Réunion du 15 décembre 2010 à 14h00
Commission spéciale chargée d'examiner le projet de loi relatif à la bioéthique

Sylviane Agacinski, philosophe, professeur à l'école des hautes études en sciences sociales :

C'est la validité du consentement de ces femmes qui pose problème. Comment consentir valablement à une situation que par ailleurs la loi interdit ? Beaucoup consentiraient aujourd'hui à travailler quinze heures par jour dans des conditions dangereuses pour leur santé si le droit du travail ne l'interdisait pas. C'est bien à la loi, qui l'emporte sur les consentements individuels éventuels, de fixer les limites !

La possibilité de recourir à la maternité pour autrui correspond non pas à l'exercice d'un « droit-liberté », droit individuel, défini en creux comme la possibilité de faire tout ce qui n'est pas interdit et qui n'exige pas d'action positive de la part de l'État –c'est l'approche privilégiée dans le monde anglo-saxon –, mais d'un « droit-créance », droit positif, impliquant en l'espèce une action effective de l'État, auquel incomberait la responsabilité de définir les moyens de garantir le droit à l'enfant. Or, la société doit-elle garantir à chacun un enfant s'il le souhaite, quel que soit le moyen utilisé pour le fabriquer ? C'est possible si cela passe par le don de cellules sexuelles, pas si cela exige, comme dans la gestation pour autrui, l'aliénation totale du corps d'une personne.

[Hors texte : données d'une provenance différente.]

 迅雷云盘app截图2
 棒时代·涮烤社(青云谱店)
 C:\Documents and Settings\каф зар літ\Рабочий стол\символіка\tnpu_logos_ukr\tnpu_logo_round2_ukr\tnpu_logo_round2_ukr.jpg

Le professeur Nisand évoque le cas douloureux de jeunes femmes qui, ayant perdu leur utérus suite à une complication de leur grossesse, souhaitent faire appel à une mère porteuse. Mais la dernière mère porteuse à s'être exprimée en France a précisément perdu le sien suite à une hémorragie utérine ! Le risque existe lors de toute grossesse et chaque femme l'assume pour elle mais n'est-ce pas une tout autre affaire si c'est l'enfant d'une autre qu'elle porte ? Gardons-nous d'exciper de cas individuels dramatiques qui suscitent l'émotion, appellent la compassion, bref poussent à mettre en avant les sentiments. Il y a eu des rapports sentimentaux étroits entre certains maîtres et certains esclaves, certains patrons et certains domestiques, certains parents et certaines nourrices. Alors que les rapports à la nourrice au 19ème siècle ont souvent été dépeints de manière idyllique, on sait quelle réalité sociale se cachait derrière cette sentimentalité de façade.

Si l'on considère que la maternité pour autrui constitue bien une servitude qui porte atteinte aux droits fondamentaux de la personne humaine, la seule solution est de lutter pour qu'elle ne soit jamais autorisée en France et qu'elle soit abolie là où elle se pratique. L'honnêteté exige d'ailleurs de dire que très peu de pays autorisent expressément la gestation pour autrui – j'emploie cette expression, que je récuse, car c'est ainsi qu'on appelle cette pratique dans ces pays.